In the end, the funds you take is equal to the guns you make!
From an interview here: you said “‘My Little Razorblade’ is probably the worst recording ever. The vocals are all blown out.” What? Are you serious? Fuck pristine, I love the edge this track has. It’s the first thing I heard from you guys, and still my favourite. Was it difficult to clear the ‘Heartbeats’ sample? Have you heard any feedback from The Knife’s camp?
Thanks! Razorblade is one of our faves as well. We like the blown out vocals as well!
As for the sample? The Knife have been really cool for not suing the shit out of us. We assume they are familiar with the track, I think one of the band members follow us on Twitter! @GetbusycommittE
In that same interview, Ian stated that the album is “something that you guys have been working on for over a year; in your spare time, and across the country, and for essentially no money”. You later said “Don’t make a record, it’s the worst way to try to make a living.” What are your day jobs? Do they have any relation to your music?

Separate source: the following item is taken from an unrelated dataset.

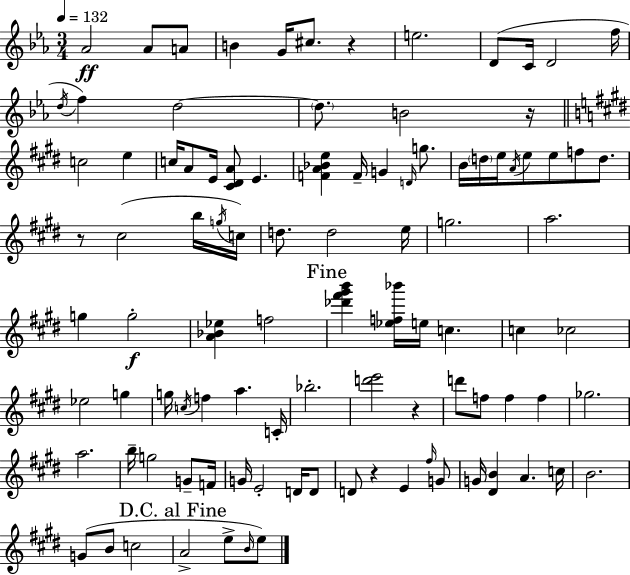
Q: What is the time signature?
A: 3/4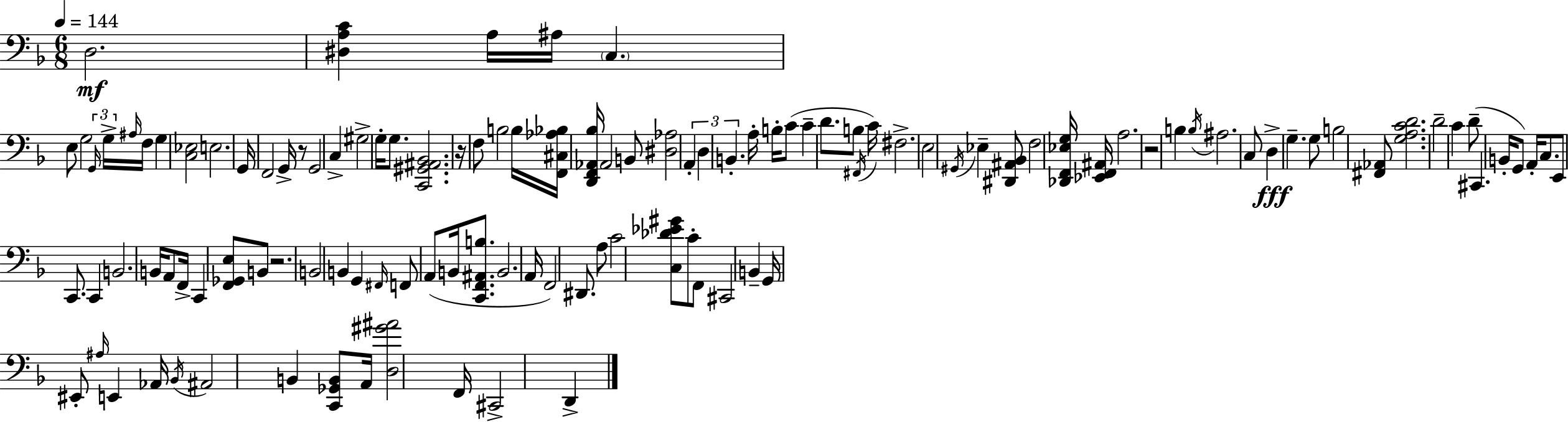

We have been fortunate enough in this business to sustain us through the years: Styles Of Beyond, Fort Minor, Demigodz, as well as producing for outside artists have paid the bills for years. Some years are better than others, but we have been very fortunate thus far. Some of the things we do to earn money are:
Scoop DeVille: His production credits include Snoop Dogg’s ‘Life Of Da Party‘ and ‘I Wanna Rock‘, Fat Joe and Young Jeezy ‘Ha Ha‘, as well as upcoming tracks on albums from Busta Rhymes, The Clipse, Bishop Lamont, and of course the Get Busy Committee. Safe to say, the kid don’t need a day job.
Apathy: Shitloads of solo records including the recently released Wanna Snuggle? as well as upcoming albums with Army Of The Pharaohs, and the Demigodz. Production for Cypress Hill, Busta Rhymes and more. Your boy is good!
Ryu: Get Busy Committee, and PR/Marketing for True Love & False Idols.
You’ve all been part of the hip-hop scene for over a decade. You knew the music business pre-internet. It must be quite a change to work as GBC, whose marketing and promotional output is almost entirely online.
Yeah the marketing and promo has changed a lot, but we’ve been in the business long enough and have worked albums in just about every climate of the ever-changing music business, so the new way of doing things hasn’t come as a shock to us. It’s actually a welcome change after spending so much time on major labels. The new style of marketing is much better suited to a group like us. We love it.
Scoop, have you shown GBC material to Snoop or The Game? What kind of feedback have you been getting?
Scoop: Yeah I was just out in Miami recently with Fat Joe, DJ Khaled, Cool and Dre, and they loved the USB uzi! I should have brought more with me, everyone was taking pictures with them and shit! The industry is definitely taking notice of the moves we’re making. We’re actually working on a Get Busy Committee and Busta Rhymes song tonight! Shit is gonna be nuts!